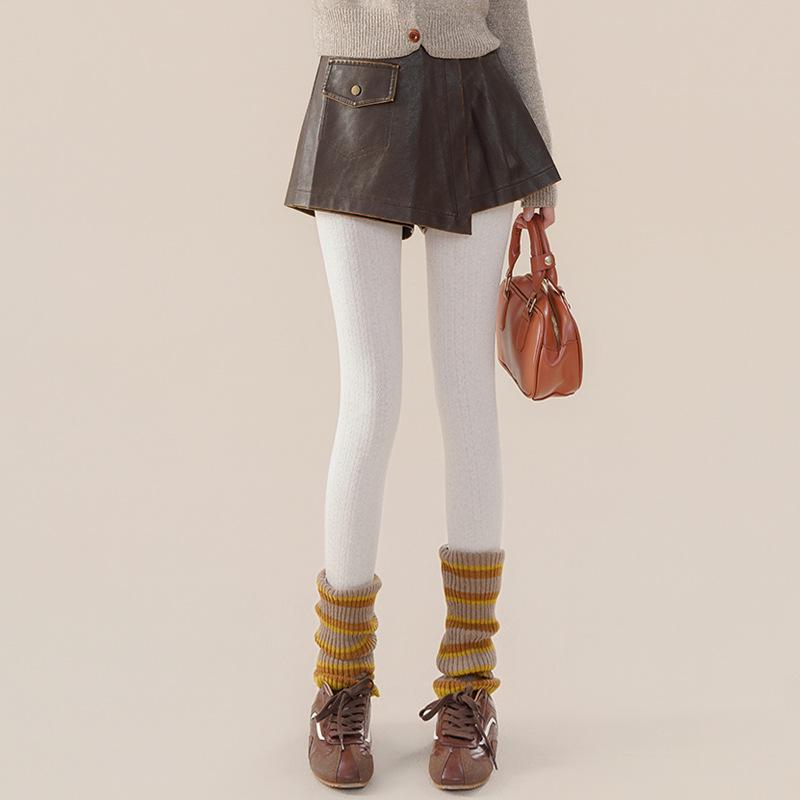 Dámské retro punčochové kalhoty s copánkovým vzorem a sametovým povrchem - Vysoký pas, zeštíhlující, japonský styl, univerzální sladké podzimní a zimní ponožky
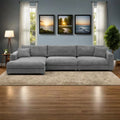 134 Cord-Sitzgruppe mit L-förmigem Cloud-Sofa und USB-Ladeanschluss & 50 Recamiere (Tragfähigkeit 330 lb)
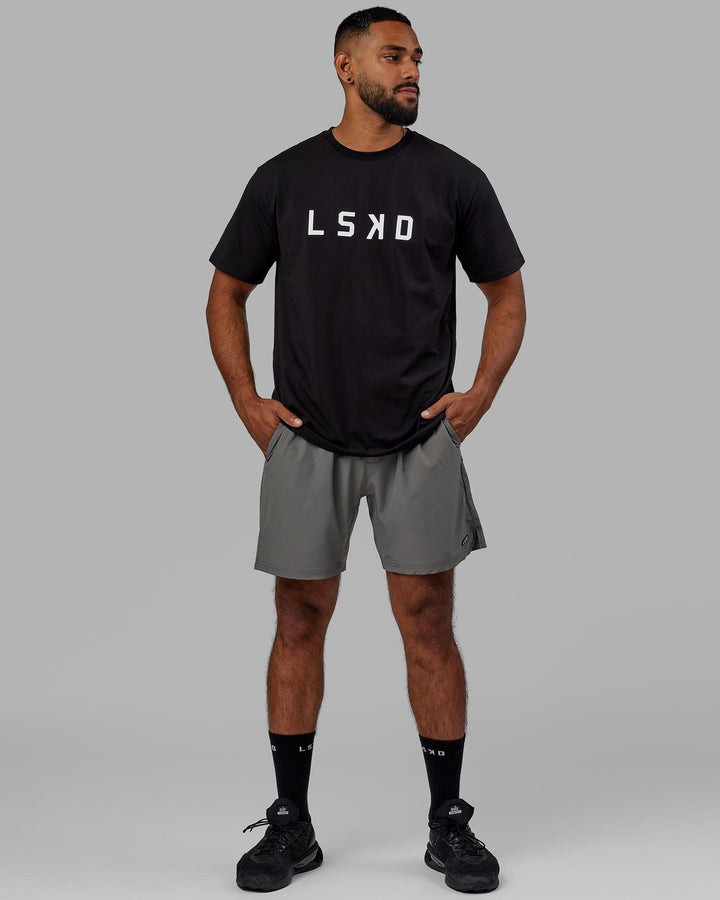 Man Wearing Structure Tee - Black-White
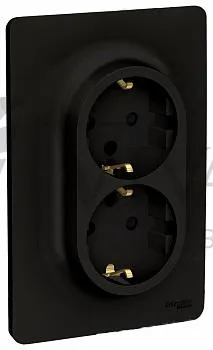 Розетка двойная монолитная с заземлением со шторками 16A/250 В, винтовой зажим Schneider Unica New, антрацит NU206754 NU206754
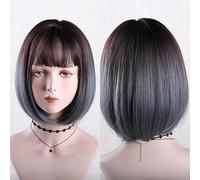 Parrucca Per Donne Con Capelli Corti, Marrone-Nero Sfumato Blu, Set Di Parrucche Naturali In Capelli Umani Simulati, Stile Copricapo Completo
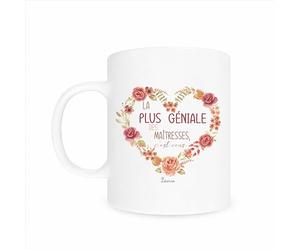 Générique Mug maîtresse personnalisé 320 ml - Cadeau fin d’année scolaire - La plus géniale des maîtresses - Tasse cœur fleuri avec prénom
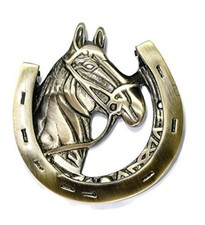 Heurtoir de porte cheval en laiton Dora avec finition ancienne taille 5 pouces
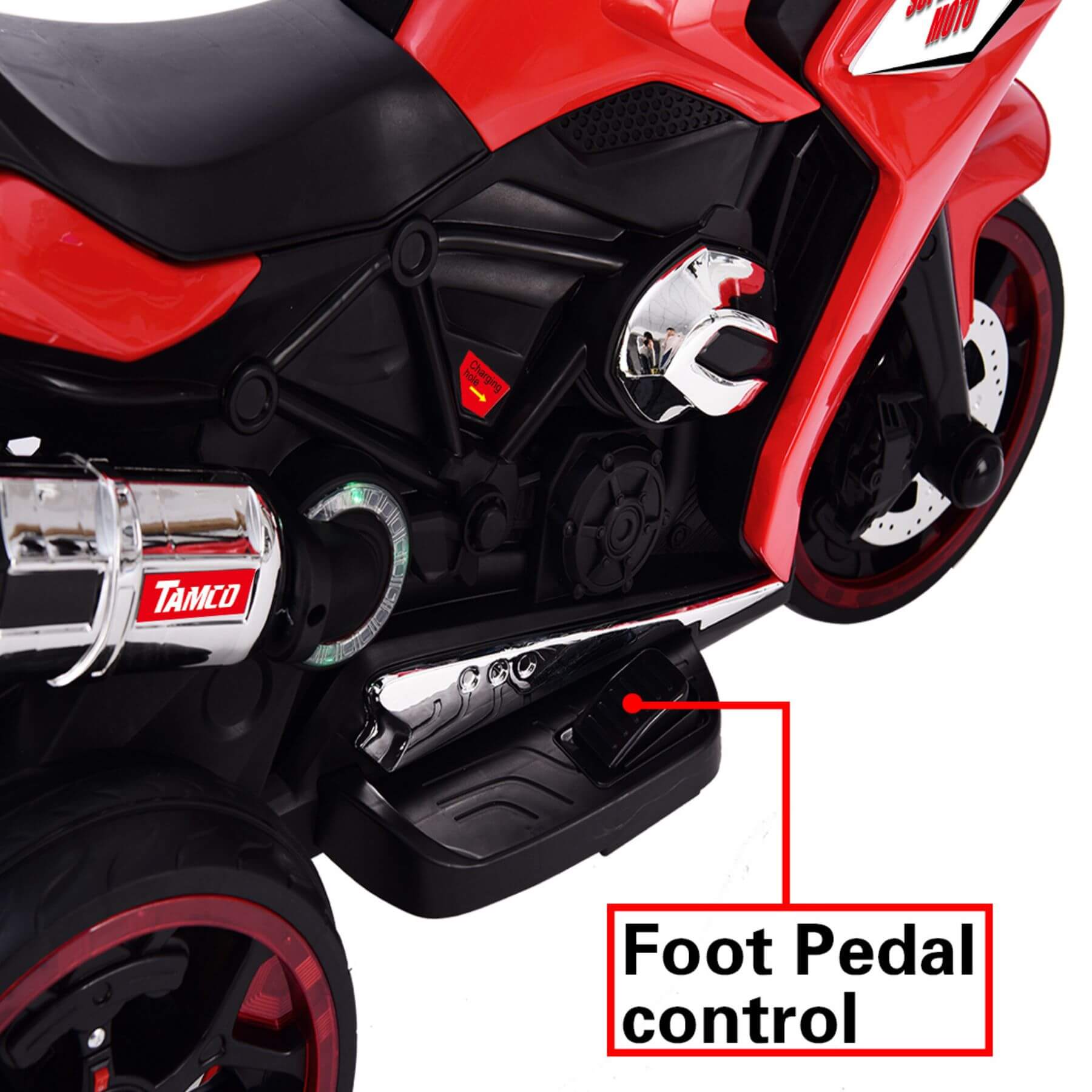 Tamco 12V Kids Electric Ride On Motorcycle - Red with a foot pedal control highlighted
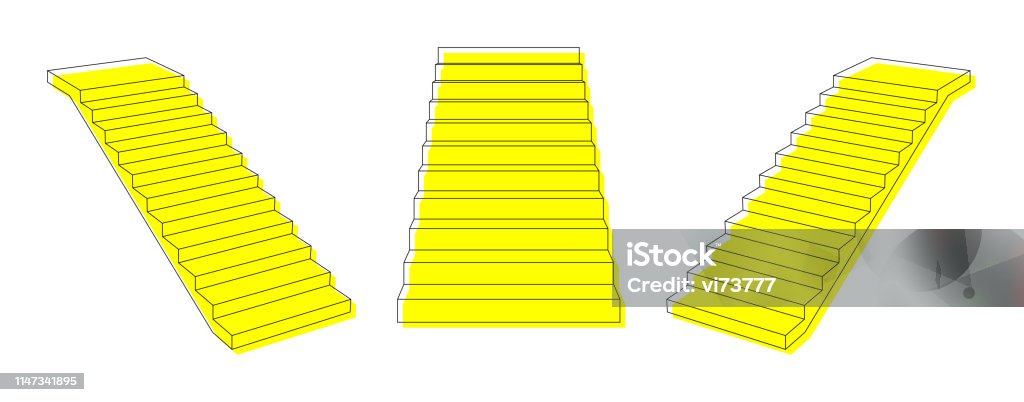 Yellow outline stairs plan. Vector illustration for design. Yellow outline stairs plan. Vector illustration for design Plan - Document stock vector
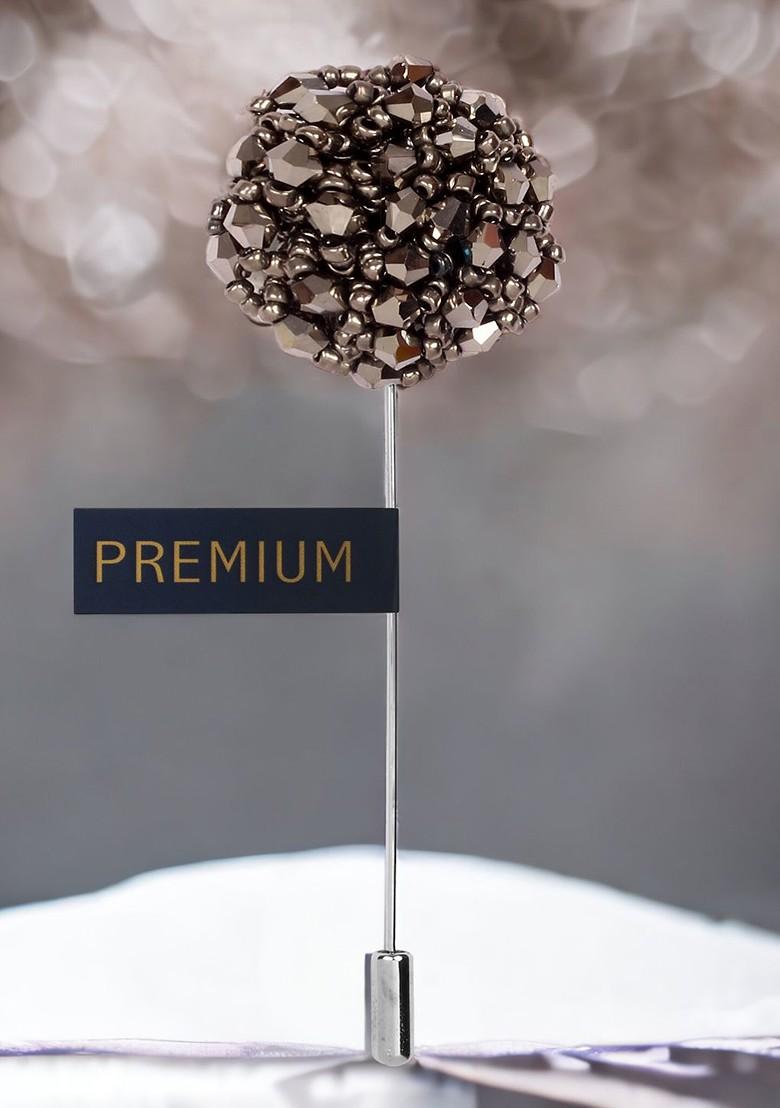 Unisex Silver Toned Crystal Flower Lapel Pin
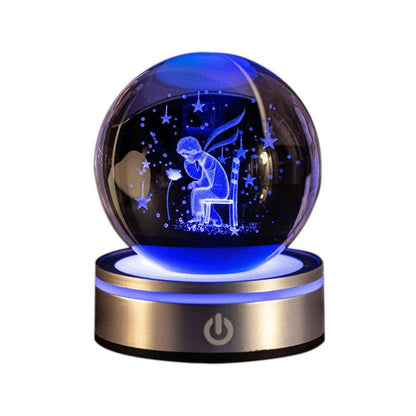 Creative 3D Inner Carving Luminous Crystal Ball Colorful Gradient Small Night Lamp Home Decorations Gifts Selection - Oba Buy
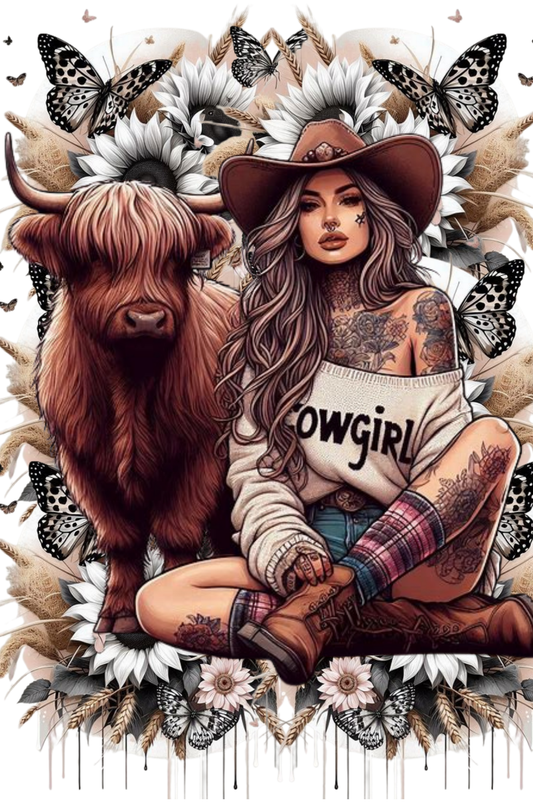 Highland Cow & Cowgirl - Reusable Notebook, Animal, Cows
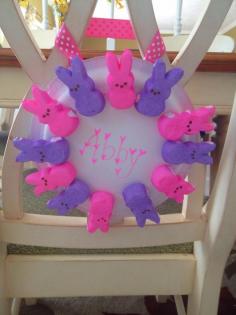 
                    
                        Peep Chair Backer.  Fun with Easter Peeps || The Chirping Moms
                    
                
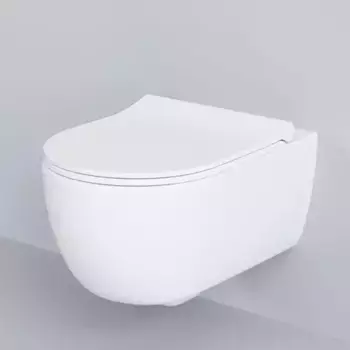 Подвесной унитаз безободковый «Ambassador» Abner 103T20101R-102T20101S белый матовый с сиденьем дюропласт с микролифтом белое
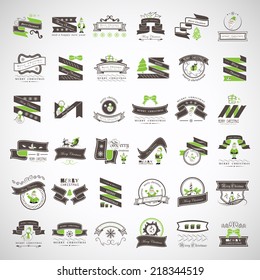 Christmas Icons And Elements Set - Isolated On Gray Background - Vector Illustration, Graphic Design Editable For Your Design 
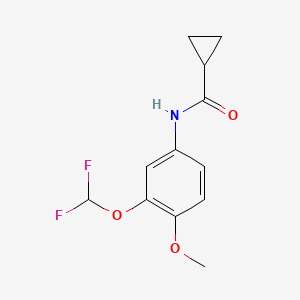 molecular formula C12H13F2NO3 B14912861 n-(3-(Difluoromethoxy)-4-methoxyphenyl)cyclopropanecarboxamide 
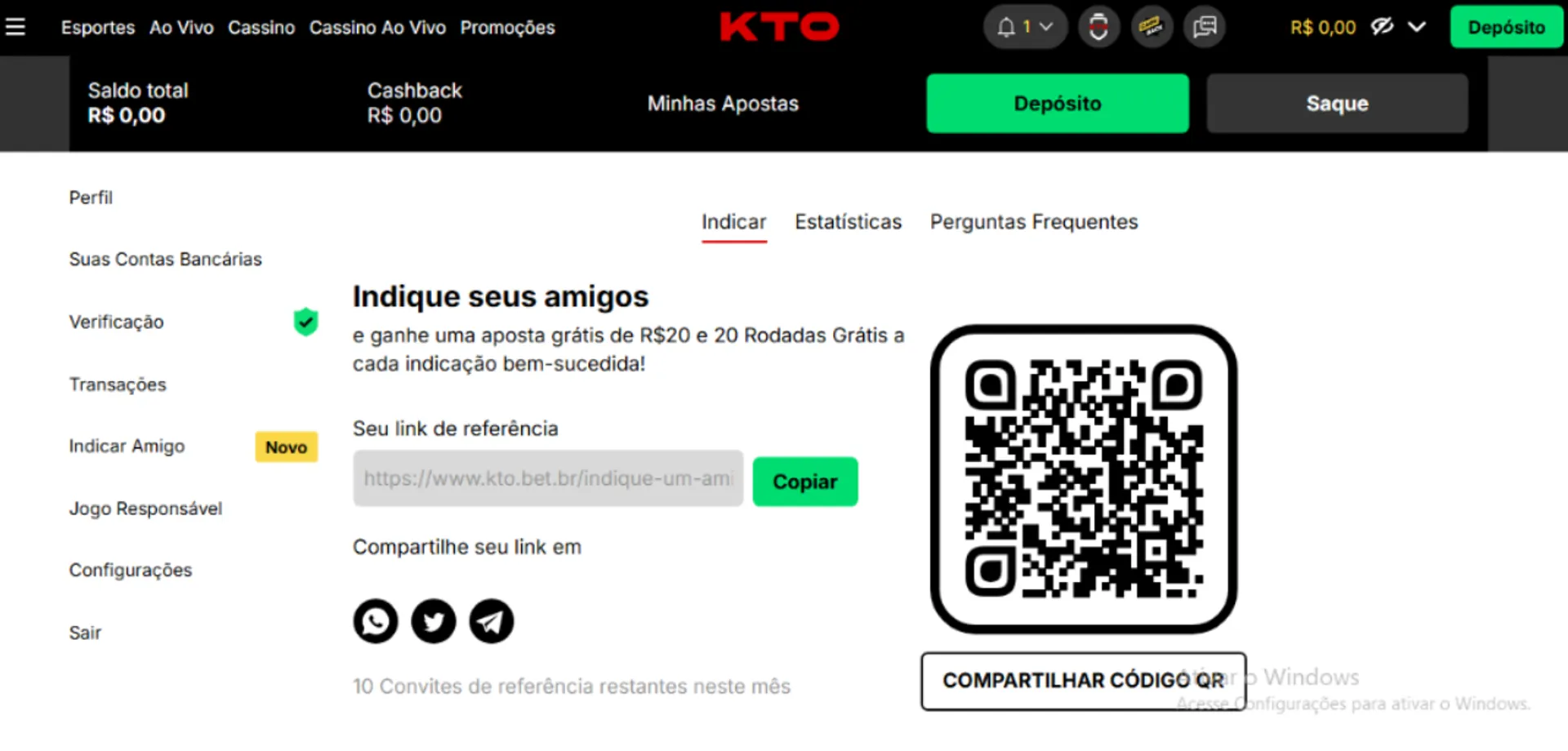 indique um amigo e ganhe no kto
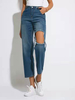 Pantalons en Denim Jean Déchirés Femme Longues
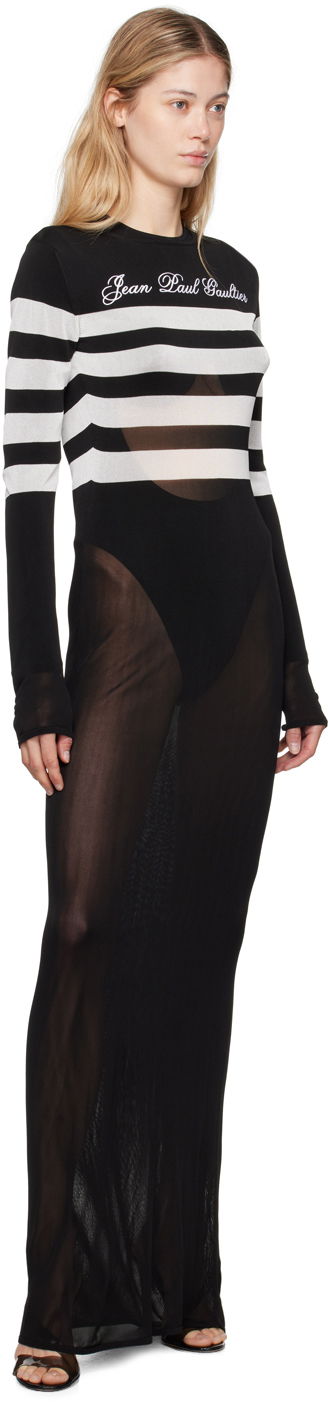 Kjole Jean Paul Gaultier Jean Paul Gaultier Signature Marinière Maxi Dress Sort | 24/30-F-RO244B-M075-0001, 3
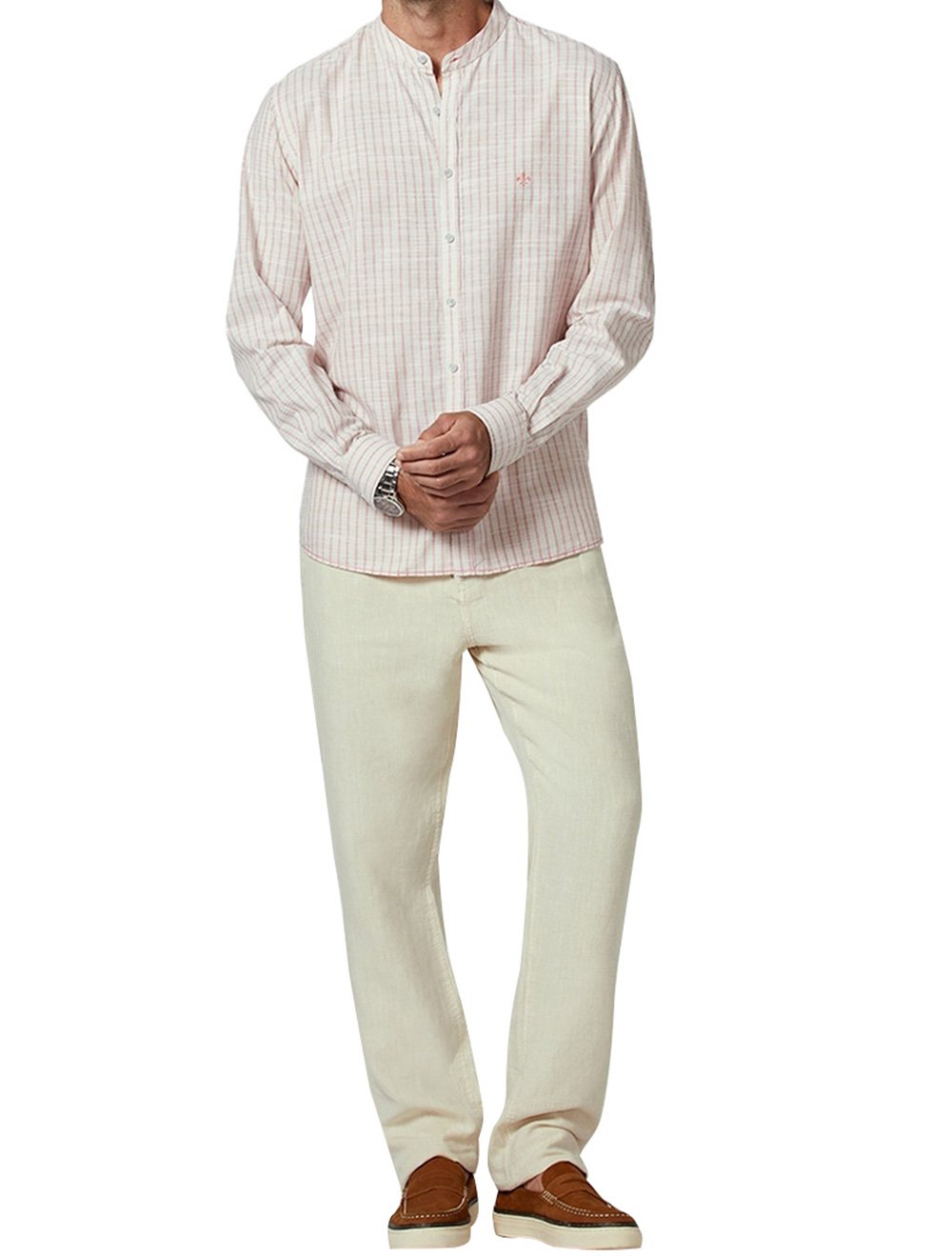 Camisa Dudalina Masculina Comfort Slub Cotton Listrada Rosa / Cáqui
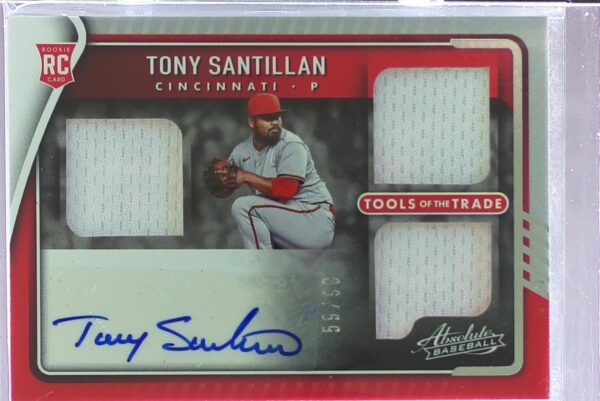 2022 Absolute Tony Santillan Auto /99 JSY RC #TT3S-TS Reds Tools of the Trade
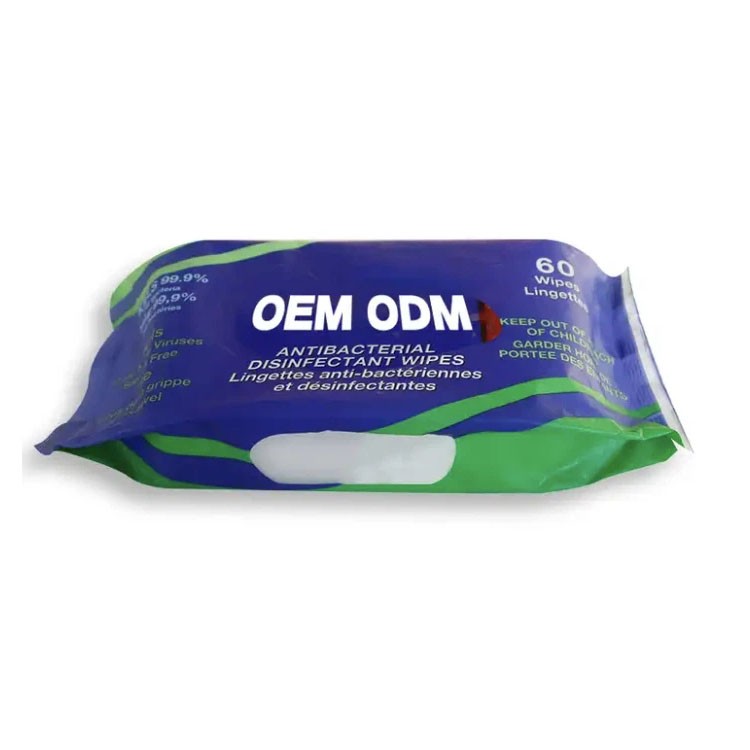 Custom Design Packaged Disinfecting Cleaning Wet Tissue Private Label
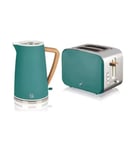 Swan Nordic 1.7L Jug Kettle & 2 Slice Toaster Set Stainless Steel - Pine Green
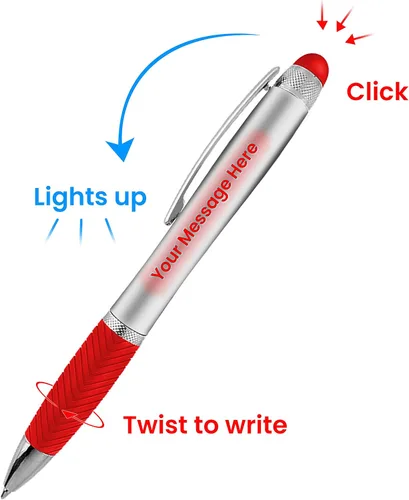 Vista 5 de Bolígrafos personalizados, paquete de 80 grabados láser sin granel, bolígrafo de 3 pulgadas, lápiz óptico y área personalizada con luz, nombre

**What the exercise asks**. Reproduce the data above exactly, but only the lines from the one showing "Подвесной унитаз безободковый" through the one showing "molecular formula C12H13F2NO3", with both ends kept and the pictures left out.

**Answer space**.
 Подвесной унитаз безободковый «Ambassador» Abner 103T20101R-102T20101S белый матовый с сиденьем дюропласт с микролифтом белое
 Christmas Icons And Elements Set - Isolated On Gray Background - Vector Illustration, Graphic Design Editable For Your Design 
 molecular formula C12H13F2NO3 B14912861 n-(3-(Difluoromethoxy)-4-methoxyphenyl)cyclopropanecarboxamide 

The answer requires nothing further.